¿Por qué te abates, oh alma mía, y por qué te turbas
dentro de mí? Espera en Dios; porque aún he de alabarle, salvación mía y Dios
mío. Salmos 42:11.
Hemos aprendido, en medio de las oscuras providencias, que
no es sabio seguir nuestro propio camino, ni hacer conjeturas y reflexiones
acerca de la fidelidad de Dios. Creo que podemos simpatizar entre nosotras y
entendernos. Nos ha unido la gracia de nuestro Señor Jesucristo, y nos han unido
lazos sagrados nacidos en la aflicción...

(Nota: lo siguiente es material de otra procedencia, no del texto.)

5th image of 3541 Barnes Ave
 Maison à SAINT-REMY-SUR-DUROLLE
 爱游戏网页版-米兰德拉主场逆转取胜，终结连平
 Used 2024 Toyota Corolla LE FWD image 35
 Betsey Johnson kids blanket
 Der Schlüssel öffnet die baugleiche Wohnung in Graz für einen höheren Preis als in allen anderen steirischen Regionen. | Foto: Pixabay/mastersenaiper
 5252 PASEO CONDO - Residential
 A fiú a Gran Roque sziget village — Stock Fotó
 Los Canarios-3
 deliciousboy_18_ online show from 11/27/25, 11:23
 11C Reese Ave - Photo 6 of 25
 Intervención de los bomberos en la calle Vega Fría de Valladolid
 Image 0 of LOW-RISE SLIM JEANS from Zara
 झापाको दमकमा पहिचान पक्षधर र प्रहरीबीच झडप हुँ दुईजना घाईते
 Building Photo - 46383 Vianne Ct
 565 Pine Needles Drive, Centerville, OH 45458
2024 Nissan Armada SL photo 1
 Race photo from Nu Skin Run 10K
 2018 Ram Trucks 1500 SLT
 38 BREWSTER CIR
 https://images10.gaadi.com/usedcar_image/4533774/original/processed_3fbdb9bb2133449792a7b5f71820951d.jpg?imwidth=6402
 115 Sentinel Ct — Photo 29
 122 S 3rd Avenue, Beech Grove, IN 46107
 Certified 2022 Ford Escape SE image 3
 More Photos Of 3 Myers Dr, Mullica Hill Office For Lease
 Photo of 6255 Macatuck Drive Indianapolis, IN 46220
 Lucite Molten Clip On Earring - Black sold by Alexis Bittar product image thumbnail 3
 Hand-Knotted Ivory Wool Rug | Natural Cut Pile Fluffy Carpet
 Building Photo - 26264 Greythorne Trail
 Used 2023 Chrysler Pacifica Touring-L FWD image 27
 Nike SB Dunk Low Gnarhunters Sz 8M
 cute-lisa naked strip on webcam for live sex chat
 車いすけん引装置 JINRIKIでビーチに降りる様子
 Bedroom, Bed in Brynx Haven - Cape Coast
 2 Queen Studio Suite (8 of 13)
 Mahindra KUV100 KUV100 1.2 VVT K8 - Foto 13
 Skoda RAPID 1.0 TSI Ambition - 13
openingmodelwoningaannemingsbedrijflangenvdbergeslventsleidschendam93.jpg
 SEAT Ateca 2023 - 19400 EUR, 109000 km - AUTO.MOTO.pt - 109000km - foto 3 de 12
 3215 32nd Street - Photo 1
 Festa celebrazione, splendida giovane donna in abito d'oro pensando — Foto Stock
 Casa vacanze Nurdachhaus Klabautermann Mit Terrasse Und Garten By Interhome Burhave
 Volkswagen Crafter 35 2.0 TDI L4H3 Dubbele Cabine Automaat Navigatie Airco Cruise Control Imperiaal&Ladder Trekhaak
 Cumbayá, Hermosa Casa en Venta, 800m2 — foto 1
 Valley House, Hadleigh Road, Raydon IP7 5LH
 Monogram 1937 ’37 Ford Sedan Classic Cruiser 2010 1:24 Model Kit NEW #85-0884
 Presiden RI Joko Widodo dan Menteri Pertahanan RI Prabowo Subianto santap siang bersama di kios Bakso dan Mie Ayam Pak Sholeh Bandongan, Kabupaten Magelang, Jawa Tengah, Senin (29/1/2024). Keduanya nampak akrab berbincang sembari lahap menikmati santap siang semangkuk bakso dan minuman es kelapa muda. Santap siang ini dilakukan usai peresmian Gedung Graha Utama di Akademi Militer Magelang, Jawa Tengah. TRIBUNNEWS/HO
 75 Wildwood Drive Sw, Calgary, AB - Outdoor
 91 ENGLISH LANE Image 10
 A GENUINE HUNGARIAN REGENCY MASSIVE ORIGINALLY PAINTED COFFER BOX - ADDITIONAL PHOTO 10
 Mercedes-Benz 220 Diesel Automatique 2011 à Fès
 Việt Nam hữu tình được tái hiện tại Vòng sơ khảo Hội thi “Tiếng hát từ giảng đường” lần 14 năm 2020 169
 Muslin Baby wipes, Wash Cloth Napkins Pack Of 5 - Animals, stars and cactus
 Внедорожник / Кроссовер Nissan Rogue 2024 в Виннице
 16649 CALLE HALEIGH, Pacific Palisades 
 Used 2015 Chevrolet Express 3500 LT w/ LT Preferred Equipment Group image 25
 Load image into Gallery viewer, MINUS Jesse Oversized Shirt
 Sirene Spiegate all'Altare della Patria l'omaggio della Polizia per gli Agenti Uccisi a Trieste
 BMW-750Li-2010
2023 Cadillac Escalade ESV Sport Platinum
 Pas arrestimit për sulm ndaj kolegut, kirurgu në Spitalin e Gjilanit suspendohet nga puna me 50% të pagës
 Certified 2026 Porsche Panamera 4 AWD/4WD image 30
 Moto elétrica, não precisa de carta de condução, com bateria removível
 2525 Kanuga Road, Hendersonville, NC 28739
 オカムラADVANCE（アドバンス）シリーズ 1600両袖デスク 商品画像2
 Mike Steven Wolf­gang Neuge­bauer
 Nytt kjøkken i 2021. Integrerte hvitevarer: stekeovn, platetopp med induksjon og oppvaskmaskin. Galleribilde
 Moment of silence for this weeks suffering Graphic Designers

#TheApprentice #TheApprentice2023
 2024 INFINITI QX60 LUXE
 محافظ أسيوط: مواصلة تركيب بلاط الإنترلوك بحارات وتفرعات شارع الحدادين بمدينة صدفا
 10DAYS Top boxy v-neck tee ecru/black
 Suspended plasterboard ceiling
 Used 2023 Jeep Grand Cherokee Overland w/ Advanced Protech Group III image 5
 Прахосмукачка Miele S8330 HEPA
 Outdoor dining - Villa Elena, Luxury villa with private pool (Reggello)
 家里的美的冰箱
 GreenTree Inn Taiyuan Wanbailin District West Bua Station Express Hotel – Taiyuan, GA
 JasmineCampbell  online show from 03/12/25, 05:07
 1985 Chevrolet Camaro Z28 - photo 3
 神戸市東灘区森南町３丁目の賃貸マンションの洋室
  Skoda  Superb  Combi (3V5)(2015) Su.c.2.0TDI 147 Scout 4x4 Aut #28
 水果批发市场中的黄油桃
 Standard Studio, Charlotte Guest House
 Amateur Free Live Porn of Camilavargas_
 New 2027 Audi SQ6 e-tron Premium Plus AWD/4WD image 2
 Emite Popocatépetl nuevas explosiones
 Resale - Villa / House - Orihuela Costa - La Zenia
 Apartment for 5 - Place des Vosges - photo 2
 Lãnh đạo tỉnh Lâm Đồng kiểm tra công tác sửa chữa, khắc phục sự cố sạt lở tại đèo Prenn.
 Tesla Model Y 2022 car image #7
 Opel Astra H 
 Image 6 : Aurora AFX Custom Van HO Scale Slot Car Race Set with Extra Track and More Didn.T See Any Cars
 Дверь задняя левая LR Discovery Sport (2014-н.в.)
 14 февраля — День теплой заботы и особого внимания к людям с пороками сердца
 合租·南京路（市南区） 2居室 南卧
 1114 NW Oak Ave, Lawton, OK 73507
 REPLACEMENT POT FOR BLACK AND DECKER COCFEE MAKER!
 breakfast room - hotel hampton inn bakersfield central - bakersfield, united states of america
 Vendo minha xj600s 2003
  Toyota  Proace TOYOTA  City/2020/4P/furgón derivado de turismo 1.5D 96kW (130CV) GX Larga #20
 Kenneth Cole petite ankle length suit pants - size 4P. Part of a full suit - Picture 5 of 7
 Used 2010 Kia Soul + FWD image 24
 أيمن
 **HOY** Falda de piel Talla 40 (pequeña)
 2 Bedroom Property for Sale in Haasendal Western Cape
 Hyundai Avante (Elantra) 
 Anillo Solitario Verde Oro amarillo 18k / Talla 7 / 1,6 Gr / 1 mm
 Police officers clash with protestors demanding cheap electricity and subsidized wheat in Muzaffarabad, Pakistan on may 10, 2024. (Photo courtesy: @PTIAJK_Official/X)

A menudo las misericordias vienen disfrazadas de
aflicciones; no podemos saber lo que hubiera ocurrido sin ellas. Cuando Dios, en
su misteriosa providencia, cambia nuestros planes y torna nuestro gozo en
tristeza, debemos inclinarnos en sumisión y decir: “Sea hecha tu voluntad,
Señor”. Debemos mantener una calmada confianza en Aquel que nos ama y dio su
vida por nosotros. “De día mandará Jehová su misericordia, y de noche su cántico
estará conmigo, y mi oración al Dios de mi vida. Diré a Dios: Roca mía, ¿por qué
te has olvidado de mí? ¿Por qué andaré yo enlutado por la opresión del enemigo?”
Salmos 42:8, 9...
El Señor contempla nuestras aflicciones; con su gracia las
reparte y discrimina sabiamente. Como un orfebre vigila el fuego hasta que la
purificación se complete. El horno es para purificar y refinar, no para consumir
y destruir. Los que confían en él podrán alabar sus misericordias aun en medio
de sus juicios.
El Señor siempre está vigilando para impartir, cuando más
se las necesite, nuevas y frescas bendiciones: fuerza en el tiempo de debilidad;
socorro en la hora de peligro; amigos en tiempos de soledad; simpatía, divina y
humana, en tiempos de tristeza.
Estamos en camino al hogar. Aquel que nos amó tanto como
para morir por nosotros, también nos ha preparado una ciudad. La Nueva Jerusalén
es nuestro hogar de descanso; y no hay tristezas en la ciudad de Dios; ni
siquiera un lamento. No se escucharán endechas por causa de esperanzas
quebrantadas o afectos sepultados.—Hijos e Hijas de Dios, 237, 238.